The good news is, I got through the meeting and represented myself well.  But the whole experience wiped me out.  I was utterly exhausted.  Normally just a meeting like that would be stressful and exhausting on it’s own, but when you add in everything else, it’s beyond comprehension how tiring it is.  It was no wonder I could barely walk the next day.

I’m 38 years old and pretty self-aware, I know how to do self-care for myself and something like this, which most non-Autistic people wouldn’t bat an eyelid at, or maybe would feel a little tired over, emotionally, physically and mentally exhausts me. Can you imagine what it would do to a child?

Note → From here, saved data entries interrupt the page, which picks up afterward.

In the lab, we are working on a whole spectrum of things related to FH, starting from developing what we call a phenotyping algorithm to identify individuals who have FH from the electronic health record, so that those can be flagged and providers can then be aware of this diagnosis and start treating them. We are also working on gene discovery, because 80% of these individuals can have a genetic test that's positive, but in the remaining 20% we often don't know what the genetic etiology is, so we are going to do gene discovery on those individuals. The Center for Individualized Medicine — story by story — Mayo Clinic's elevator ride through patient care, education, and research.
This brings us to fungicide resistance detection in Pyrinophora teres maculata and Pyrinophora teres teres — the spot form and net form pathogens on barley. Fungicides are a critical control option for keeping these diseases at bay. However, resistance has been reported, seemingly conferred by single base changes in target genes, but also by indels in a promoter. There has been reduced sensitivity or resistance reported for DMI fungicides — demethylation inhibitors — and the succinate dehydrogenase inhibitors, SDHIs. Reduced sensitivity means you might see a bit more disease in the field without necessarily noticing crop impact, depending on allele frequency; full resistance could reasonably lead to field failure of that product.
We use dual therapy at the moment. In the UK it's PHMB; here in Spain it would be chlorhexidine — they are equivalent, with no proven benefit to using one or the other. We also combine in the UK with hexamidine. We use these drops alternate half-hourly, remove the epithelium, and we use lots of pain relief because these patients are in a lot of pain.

Yet most Non-Autistic parents question why their children Meltdown on trips, or days out.  They wonder why their child doesn’t want to socialise at the weekends, or go to after-school clubs.

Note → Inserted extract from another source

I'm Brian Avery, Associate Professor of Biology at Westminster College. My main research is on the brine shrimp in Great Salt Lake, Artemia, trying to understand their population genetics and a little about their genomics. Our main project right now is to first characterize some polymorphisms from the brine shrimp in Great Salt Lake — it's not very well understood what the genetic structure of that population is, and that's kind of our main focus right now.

I hear so much of: “why can’t my child just…?”

The reason they cannot do what you do, or have to do things differently to you, the reason they cannot do what other children do, or have to do things differently to them, is because they are different.  The only person that can help them in this is you, as their parent.  Help them to become aware of how exhausting simple things can be, teach them to self-regulate and self-care, help them find the limits of what they can successfully achieve and to not beat themselves up when they do too much.

I’ve tried to keep this light, but this misunderstanding of what Autistic people can do, what we go through is a tiny part of the myriad of reasons so many mental health problems are connected to Autistic people.  This is a tiny part of why Autistic people have an average life span of mid 30’s to mid 50’s.

Autistic people exhaust ourselves doing things the non-Autistic way, in every aspect of our lives.

When we talk about burnout, this is literally what we mean.

Help your child find the Autistic way to do things and watch them soar.